And laughter without philosophy woven into it is but a sneeze at humor. Genuine humor is replete with wisdom, and if a piece of humor is to last, it must do two things. It must teach and it must preach – not professedly. If it does those two things professedly, all is lost. But if it does them effectively, that piece of humor will last forever – which is 30 years.
– Mark Twain
The term is not loaded with connotations of wisdom and wit, but “adolescent humor” is inescapable in the middle school. The question is, “What to do about it?”
With the recent furor over Mark Twain’s autobiography, which was embargoed for 100 years, I’m taking my cues from him (see above), especially since I like this philosophical approach to life in general.

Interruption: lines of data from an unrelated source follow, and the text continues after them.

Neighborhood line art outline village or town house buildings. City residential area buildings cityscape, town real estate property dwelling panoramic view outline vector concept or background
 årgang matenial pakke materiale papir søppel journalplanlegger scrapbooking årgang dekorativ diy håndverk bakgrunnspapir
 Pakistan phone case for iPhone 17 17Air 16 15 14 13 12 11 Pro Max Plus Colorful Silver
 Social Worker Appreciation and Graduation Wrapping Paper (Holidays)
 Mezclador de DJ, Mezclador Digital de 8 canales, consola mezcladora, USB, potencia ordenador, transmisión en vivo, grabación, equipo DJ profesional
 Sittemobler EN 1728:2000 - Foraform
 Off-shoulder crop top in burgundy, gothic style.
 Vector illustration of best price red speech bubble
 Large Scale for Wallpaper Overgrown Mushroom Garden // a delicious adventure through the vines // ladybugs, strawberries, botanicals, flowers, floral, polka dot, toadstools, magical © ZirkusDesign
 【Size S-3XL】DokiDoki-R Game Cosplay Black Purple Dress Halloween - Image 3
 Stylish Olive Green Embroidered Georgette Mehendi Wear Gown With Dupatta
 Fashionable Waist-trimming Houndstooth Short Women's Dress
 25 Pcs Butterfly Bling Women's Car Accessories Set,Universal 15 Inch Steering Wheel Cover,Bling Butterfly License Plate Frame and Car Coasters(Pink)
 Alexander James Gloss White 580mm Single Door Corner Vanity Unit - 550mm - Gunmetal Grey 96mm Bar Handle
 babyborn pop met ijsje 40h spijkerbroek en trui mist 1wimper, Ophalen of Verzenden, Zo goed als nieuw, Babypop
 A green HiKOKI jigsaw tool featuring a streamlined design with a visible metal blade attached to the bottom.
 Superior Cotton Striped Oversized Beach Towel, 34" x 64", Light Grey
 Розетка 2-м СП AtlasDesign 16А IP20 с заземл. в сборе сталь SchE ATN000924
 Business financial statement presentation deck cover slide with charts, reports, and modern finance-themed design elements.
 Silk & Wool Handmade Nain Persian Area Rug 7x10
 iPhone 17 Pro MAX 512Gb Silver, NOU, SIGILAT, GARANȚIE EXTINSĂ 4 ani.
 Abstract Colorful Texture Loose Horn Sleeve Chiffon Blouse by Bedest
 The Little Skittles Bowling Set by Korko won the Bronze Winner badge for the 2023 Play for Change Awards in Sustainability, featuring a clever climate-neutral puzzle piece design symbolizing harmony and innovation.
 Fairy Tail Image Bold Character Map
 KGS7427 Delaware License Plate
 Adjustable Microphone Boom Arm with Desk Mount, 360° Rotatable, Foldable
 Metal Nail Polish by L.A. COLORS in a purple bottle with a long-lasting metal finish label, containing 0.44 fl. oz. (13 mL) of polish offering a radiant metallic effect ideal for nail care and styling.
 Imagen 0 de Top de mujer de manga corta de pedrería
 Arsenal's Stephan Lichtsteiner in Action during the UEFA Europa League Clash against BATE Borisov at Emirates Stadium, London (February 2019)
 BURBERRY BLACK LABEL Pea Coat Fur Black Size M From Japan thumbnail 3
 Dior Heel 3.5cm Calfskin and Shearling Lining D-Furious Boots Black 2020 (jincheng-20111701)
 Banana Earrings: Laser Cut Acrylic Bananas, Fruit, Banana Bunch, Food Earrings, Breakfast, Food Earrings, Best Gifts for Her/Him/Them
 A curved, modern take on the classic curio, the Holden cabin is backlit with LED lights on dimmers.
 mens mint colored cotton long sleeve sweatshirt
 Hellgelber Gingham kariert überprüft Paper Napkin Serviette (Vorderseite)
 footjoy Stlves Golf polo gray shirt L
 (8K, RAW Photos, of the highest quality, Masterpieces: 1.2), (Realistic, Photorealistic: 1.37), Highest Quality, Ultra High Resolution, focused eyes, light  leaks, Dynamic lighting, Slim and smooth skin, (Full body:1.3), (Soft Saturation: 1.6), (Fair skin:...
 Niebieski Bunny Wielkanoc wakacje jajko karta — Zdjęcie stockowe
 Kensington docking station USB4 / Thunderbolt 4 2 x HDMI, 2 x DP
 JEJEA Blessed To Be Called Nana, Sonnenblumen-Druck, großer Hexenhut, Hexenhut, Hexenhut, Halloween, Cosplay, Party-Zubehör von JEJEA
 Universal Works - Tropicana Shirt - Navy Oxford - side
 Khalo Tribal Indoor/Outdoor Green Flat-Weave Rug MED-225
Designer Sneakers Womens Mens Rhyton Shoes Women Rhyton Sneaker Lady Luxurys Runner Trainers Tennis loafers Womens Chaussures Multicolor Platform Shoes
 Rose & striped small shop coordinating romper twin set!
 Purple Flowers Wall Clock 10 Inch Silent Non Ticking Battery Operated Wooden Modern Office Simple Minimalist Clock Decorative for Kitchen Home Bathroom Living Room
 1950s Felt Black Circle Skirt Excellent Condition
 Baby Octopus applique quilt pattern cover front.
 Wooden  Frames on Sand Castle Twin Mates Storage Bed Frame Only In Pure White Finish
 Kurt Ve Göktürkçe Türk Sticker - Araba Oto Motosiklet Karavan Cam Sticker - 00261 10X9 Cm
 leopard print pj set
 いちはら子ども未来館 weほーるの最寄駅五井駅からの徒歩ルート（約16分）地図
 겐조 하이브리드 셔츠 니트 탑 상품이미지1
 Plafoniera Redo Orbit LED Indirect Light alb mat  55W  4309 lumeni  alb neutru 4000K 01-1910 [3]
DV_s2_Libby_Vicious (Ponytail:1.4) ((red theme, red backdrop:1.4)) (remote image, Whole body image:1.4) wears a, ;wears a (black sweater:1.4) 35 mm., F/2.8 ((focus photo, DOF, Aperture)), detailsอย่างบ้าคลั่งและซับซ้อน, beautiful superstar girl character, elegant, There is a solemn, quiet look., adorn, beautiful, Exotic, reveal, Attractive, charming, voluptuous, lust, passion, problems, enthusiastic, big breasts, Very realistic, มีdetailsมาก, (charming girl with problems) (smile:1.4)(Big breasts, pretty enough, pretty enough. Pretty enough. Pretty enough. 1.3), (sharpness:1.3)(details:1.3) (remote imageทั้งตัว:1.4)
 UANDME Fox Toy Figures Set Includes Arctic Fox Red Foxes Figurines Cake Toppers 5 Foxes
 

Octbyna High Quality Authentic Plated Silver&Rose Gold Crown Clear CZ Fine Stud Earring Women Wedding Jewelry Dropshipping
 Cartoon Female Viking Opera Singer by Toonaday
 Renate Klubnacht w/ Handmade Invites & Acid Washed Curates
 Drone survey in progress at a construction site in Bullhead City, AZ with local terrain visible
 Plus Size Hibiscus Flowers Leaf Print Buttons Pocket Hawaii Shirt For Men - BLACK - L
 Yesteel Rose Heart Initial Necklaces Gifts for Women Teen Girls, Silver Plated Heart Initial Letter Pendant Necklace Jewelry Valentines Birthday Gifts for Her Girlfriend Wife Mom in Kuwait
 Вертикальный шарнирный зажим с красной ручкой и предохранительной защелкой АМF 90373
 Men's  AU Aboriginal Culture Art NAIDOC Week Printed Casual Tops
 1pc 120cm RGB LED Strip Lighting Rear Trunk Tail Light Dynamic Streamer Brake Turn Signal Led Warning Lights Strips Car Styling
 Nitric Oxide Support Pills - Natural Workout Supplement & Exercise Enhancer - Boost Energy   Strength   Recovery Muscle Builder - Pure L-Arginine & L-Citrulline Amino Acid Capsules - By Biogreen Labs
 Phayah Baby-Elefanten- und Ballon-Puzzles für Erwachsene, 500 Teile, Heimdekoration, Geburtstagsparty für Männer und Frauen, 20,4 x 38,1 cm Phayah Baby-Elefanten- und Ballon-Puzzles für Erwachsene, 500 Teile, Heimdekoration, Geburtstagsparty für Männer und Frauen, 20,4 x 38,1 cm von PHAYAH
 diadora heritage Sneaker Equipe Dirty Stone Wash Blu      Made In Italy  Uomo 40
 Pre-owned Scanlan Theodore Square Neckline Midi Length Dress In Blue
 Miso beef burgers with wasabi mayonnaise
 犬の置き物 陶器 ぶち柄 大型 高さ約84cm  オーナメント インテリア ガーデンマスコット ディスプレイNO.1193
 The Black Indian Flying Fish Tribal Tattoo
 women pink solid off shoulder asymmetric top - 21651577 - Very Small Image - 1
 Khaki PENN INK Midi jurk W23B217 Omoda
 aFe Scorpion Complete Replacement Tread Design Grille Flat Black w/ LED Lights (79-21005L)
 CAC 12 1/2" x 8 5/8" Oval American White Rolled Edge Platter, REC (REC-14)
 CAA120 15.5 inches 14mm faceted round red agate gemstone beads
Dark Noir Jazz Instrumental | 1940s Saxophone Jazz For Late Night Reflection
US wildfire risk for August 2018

I suspect it has much to do with the development of abstract thinking. During adolescence we develop a much greater ability to see and to create subtexts. With humor, the philosophy is behind the scenes, which makes it deep and resonant, but harder to see.
Background context is also important with humor, especially parody and satire: however, just because students can’t reference Plato or Socrates (the philosopher not the footballer), does not mean they don’t have their own cultural markers they can critique. Getting past “adolescent humor” means adding layers.
I am, of course, no expert on humor. This cycle I’m working with the mentor author group and my project is focusing on humorous dialogue. I have no high hopes, but I’m giving it the old college try.
None of this made it any easier last week, when I had to explain editorial cartoons. Our class is trying something new for a newsletter, a newspaper style. I vetoed Garfield-like strips as too simple, and insisted that their cartoons had to make a statement first and aim for humor second. The first student who volunteered for the job gave up after a couple hours of pulling his hair out. I think I’ll try showing them some editorial cartoons if I can find a good website. We’ll see how it goes.